In 1981, Stephen King, famous American writer of horror stories often brought to the silver screen, published an article on the genre. Deep down, he said, we are still primitive bloodthirsty beasts that would cut each other’s head off, if only we could. The fact is that we like fighting games full of violence, but now we prefer to call ourselves civilized and watch certain atrocities sitting in the theater.
For example King Kong (1933): people fled screaming from the cinemas! Let’s watch it now, and all I see is a puppet that moves oddly. How is it that people of the early twentieth century could not see that puppet as we see it today? According to the movie expert Tarja Laine (University of Amsterdam), a monster like this was something completely new back then, that’s why it looked real. In the 30’s a monster ape walking among humans was really shocking.
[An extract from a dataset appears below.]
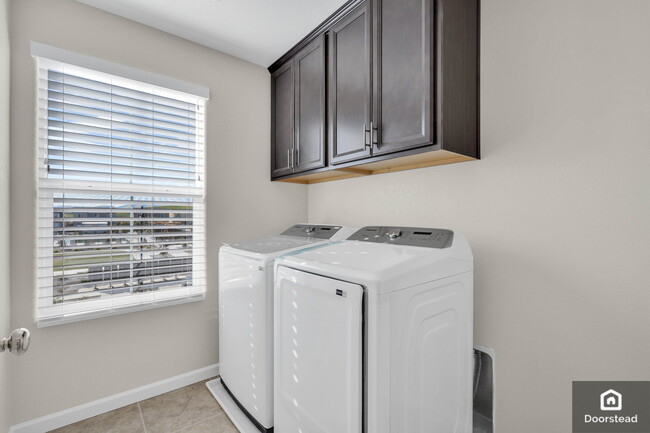 Building Photo - 5587 Saddle Rock Ln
Let’s take a movie sixty years closer to us, Jurassic Park (1993): the dinosaurs then seemed so real that it becomes a box office success and a milestone for the film with prehistoric lizards; see it now, it is glaring the rigidity of these “animals”, their linear movements, their dead eyes. Particularly when compared with a new movie, like Prometheus, where computer graphics is pretty much everything.
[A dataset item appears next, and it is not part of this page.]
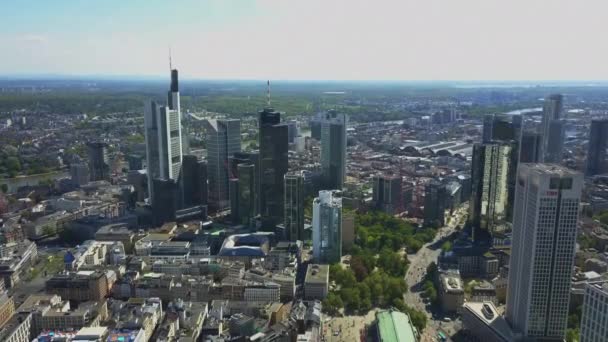 AERIAL: Utsikt över Frankfurt am Main Skyline Solsken — Stockvideo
As we said, the technique is the problem. The special effects used years ago are no longer so special, technology improves year after year, with surprising speed. Whenever we watch an old movie (or a new, low quality one), those unspecial effects break the spell of the “suspension of disbelief” (in a work of fiction, we believe the bizarre creatures if they are quite convincing).Beside the technique, in a movie there must be what people in that historical moment and in that culture finds frightening. Every era has its favourite “monsters”, such as “death and decay” in old black and white movies.
Until the ’50s monsters like Godzilla and Frankenstein are the leading actors: they are examples of scientific experiments out of control.
The 60s and 70s were the years of madmen and psychopaths: how could we forget Psycho (1960) and The Texas Chainsaw Massacre (1974). These characters were inspired by real people famous in the new, like Ed Gein and Charles Manson.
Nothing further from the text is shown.